Published April 26, 2012, 11:30 PM

'How does your garment grow?' | Fargo artist creates wearable art with plant materials

FARGO - Nature has long inspired fashion, but Stevie Famulari has taken it a step further. The Fargo artist started developing the idea three years ago with a question: “What if our clothing grew, changed, and even flowered?”

By: Meredith Holt, INFORUM

If you go

What: “The Green Line Series”

When: Through May 28

Where: Plains Art Museum, 704 1st Ave. N., Fargo

Info: Artist Stevie Famulari will give a public lecture from 7:30 to 8:30 p.m. May 10 at the Plains.

Contact: Call (701) 232-3821 or email museum@plainsart.org.

Plains Art Museum online: www.plainsart.org

FARGO - Nature has long inspired fashion, but Stevie Famulari has taken it a step further.

The Fargo artist started developing the idea three years ago with a question: “What if our clothing grew, changed, and even flowered?”

Famulari, an assistant professor of landscape architecture at North Dakota State University, seeded heavy-duty fabric with herbs, flowers and other greenery to create “plant clothes.”

The native New Yorker drew from her experience in art, fashion, food and landscape architecture to create “The Green Line Series,” an environmental art installation.

The exhibit will be on display at the Plains Art Museum through May 28, along with 100 small seed bags available for the public to take with them.

The project required time, technique and technology to come together. Famulari carries a notebook filled with pages of sketches, dimensions, samples and photos.

Famulari made adjustments to her creations as the plant materials she used evolved. “Plants will grow when they want to grow,” she says.

Laid flat at Shotwell Floral in south Fargo, the pieces look like grassy snow angels.

With some assembly, they’ll become an opera gown, an asymmetrical gown, a lawn coat, a wedding gown and a “lace” gown.

The five living garments are lined with waterproof material so they can be worn by models.

The opera gown’s first flower bloomed just before Christmas, but in January, many of the violas, cosmos and zinnias adorning the dress died.

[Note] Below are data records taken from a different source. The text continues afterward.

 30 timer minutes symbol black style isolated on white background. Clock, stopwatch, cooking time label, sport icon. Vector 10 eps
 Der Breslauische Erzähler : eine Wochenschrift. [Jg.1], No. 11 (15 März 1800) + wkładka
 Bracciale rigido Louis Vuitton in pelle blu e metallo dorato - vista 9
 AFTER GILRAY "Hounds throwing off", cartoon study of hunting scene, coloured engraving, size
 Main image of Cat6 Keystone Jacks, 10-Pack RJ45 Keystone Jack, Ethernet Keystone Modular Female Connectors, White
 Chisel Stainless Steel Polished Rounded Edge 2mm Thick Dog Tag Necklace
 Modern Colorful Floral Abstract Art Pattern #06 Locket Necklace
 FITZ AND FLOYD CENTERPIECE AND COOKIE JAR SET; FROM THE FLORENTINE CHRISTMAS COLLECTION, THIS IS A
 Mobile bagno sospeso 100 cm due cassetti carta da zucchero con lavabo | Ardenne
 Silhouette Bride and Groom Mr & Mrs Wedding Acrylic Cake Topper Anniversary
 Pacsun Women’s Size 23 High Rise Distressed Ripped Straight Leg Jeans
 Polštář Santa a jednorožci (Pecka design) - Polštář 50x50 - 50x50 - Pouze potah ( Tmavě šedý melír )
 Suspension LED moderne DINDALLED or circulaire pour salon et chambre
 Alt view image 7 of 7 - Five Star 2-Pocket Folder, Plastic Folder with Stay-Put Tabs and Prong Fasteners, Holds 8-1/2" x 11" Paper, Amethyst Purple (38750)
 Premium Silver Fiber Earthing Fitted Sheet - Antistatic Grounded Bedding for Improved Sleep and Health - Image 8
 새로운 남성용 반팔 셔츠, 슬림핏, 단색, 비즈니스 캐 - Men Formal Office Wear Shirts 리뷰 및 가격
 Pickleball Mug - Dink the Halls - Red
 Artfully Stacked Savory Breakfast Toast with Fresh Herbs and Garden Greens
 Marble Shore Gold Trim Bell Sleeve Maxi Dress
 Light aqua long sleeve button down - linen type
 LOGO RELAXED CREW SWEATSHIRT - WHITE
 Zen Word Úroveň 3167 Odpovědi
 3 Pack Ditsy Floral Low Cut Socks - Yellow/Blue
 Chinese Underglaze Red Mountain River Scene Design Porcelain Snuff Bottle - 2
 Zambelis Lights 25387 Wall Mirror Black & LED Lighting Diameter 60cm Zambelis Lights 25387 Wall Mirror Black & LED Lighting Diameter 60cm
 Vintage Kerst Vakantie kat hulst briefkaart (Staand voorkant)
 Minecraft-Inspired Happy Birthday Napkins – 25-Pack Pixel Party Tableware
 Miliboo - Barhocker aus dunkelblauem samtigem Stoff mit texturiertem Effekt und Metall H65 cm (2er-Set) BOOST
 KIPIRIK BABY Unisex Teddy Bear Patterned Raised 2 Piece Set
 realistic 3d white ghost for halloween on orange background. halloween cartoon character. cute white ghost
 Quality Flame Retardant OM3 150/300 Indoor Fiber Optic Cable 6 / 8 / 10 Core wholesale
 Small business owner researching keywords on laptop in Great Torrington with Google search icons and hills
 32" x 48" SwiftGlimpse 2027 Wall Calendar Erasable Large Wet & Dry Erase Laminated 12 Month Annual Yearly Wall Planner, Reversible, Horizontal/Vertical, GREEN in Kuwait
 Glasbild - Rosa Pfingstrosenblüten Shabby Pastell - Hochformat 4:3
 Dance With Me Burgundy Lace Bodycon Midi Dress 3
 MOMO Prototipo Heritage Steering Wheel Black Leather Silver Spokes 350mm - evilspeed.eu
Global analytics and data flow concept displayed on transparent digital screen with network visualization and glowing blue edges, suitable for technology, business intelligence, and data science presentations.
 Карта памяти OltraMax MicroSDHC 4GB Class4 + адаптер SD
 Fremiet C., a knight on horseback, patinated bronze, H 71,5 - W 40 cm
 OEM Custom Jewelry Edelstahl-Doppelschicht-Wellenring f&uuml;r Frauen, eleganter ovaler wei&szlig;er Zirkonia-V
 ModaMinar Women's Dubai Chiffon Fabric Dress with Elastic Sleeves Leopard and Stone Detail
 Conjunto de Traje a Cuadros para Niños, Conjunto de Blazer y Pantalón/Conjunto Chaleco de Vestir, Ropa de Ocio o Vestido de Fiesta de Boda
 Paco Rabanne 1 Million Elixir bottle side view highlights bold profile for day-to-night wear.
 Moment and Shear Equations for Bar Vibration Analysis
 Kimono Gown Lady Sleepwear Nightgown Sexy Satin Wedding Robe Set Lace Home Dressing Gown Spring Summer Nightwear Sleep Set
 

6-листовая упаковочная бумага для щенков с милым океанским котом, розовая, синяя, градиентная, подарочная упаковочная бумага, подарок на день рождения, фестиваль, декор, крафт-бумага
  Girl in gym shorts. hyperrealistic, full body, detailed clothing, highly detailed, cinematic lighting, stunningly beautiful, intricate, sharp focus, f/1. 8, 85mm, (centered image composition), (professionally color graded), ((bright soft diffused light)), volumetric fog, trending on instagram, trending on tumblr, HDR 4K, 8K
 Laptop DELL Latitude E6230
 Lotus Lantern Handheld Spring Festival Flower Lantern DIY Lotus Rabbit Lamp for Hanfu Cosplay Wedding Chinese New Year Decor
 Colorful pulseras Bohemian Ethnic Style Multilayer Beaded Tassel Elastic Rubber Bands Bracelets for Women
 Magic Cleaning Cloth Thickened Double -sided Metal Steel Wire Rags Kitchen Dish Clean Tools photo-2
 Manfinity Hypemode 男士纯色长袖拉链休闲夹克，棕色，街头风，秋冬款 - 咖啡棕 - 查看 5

“Over the wintertime, I actually had to come in here and cut all the heads off of these in order to force them to grow outward,” Famulari says. “I felt like Morticia Addams.”

The environmental artist chose plants with light root systems that would remain intact through vertical draping. “If you pick up the fabric, you just see the roots,” she says.

The asymmetrical gown is a wearable herb garden sprouted with basil, cilantro, oregano, parsley, tarragon, sage and fescue. “You can actually taste it right now,” she says.

If you saw what looked like a mossy overcoat walking down First Avenue recently, it was likely Famulari’s intern carrying the lawn coat to the museum on her back.

Since its inception, the wedding gown has become a corseted top paired with a full skirt and 8-foot train. “We’re feeding it vitamins and nutrients galore,” she says.

Famulari attached ivy and butzii plants to a woman’s slip to create the lace dress. “It appears as if she’s almost nude except for plants,” she says.

PUSHING BOUNDARIES

In all her work, Famulari aims to expand the definitions of art, fashion, food and landscape architecture. “I want the boundaries changed,” she says.

She has competed on “Food Network Challenge” several times, her chocolate dress was featured on “Oprah,” and she created local buzz when she spray-painted the snow in her Fargo front yard pink.

“Greenery is not just the thing that’s outside in the yard, it’s not just a plant. There are other ways you can grow plant material,” Famulari says.